I’m the guy who was the first to return to his old high school. I don’t move on well. I think that has to do with being easily depressed. The present can be too difficult to bear, the future is absolutely terrifying, but I somehow managed to get through the past, which is comforting. The past is a paradise in my deluded mind, no matter how unbearable it was at the time.

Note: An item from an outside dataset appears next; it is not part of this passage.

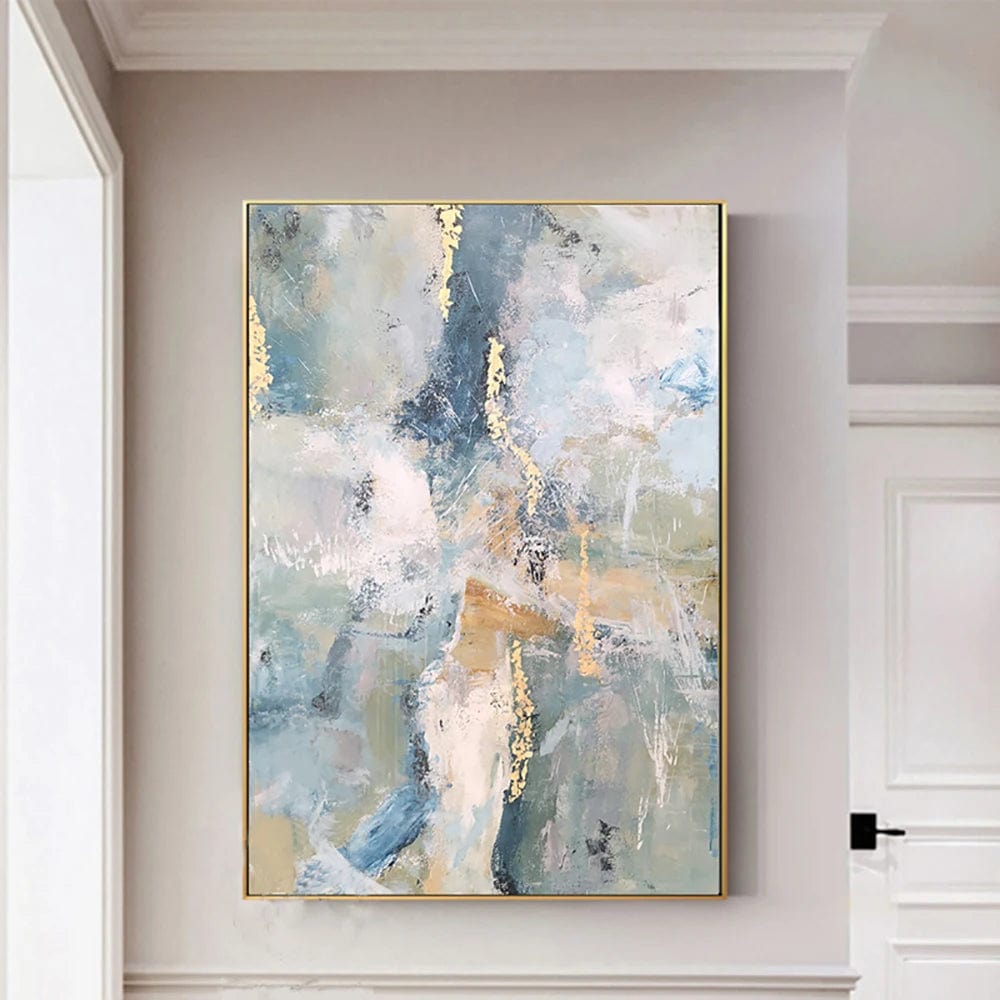 Abstract blue and gold painting wall art, dynamic splashes with gold leaf details in a thin gold frame on a neutral wall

When I started at this company back in 2008, I almost didn’t make it out of the second week. I’m a very sensitive person. So, when one of my bosses—there are no shortage of bosses and micro-managers at this place—continued to berate me for minor infractions that were due mostly to my ignorance about the job, I broke down crying and nearly didn’t make it back the next day. It’s a stressful job, and the anxiety was wearing me down very quickly. My stomach was in knots, I couldn’t eat. I tried to eat something the next morning, but couldn’t. I’m not sure what kept me from quitting—quitting had long been and remains my main preferred coping mechanism in life. Somehow, I drove to work through an hour of mind-numbing traffic that day, and for nearly another four years thereafter.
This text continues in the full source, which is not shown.